Otherwise the movie grinds along, solemnly, and it feels an awful lot longer than its 90 minutes. Playing his first full-on ninny, Mark Wahlberg is the high school science teacher who evacuates Philadelphia along with his wife (Zooey Deschanel), his fellow teacher (John Leguizamo) and his friend’s daughter (Ashlyn Sanchez). To the country! We’ll be safe there! Wahlberg and company form a ragtag band of brothers and sisters, determined to survive. We know trouble’s coming whenever the breeze picks up and the grass starts to sway. It’s so not frightening, it’s frightening.
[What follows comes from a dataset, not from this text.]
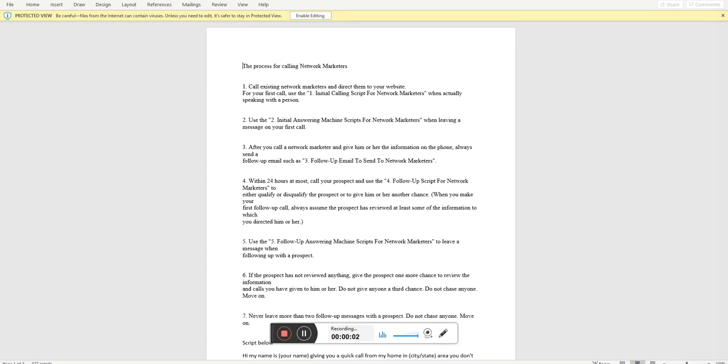Hey everybody, this is BJ Massey. I want to congratulate you for making it to video two. This is the video where we're going to show the actual script and information that's going to be attached to the email you get when you join. They help you practice on how to recruit other network marketers into your business. So this talks about the process for calling network marketers.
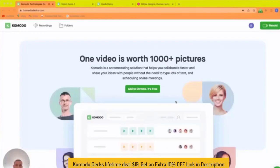Hi, I'm Hanan, founder of Komodo. This will be a quick intro to the product. Komodo is a screencasting solution.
The characters are either gasbags or forgetful. No matter how many dead bodies turn up on the road, someone tells someone else to close a window or get inside or something, and the response, always, is this: “Why? Is something wrong?” The picture, shot in cinematographer Tak Fujimoto’s trademark overcast tones, provides a full array of suicide methodology, delivered with a doleful air: gunshots, the aforementioned plummeting, needles in the neck and death by rider mower (!). In the film’s one true moment of two-exclamation-point camp, we watch a zookeeper feed his arms to a lion !! Let me amend that: !!!

After the insufferably dense mermaid mythology of “Lady in the Water,” Shyamalan clearly wanted to keep things simple. He whizzed straight past “simple” to simplistic: Wahlberg and Deshanel’s marriage is supposed to be on the rocks (something about her having dessert with a co-worker—?!?), and he wanted kids but she didn’t. Still, if there’s one thing grisly unexplained phenomena are good for, it’s marriage counseling. I admire “The Sixth Sense” and most of “Signs,” but I don’t get what has happened to this filmmaker’s storytelling instincts. “We can’t just stand here as uninvolved observers!” the saucer-eyed Deschanel says at one point. True enough. In “The Happening,” the roles of the uninvolved observers will be played by the audience.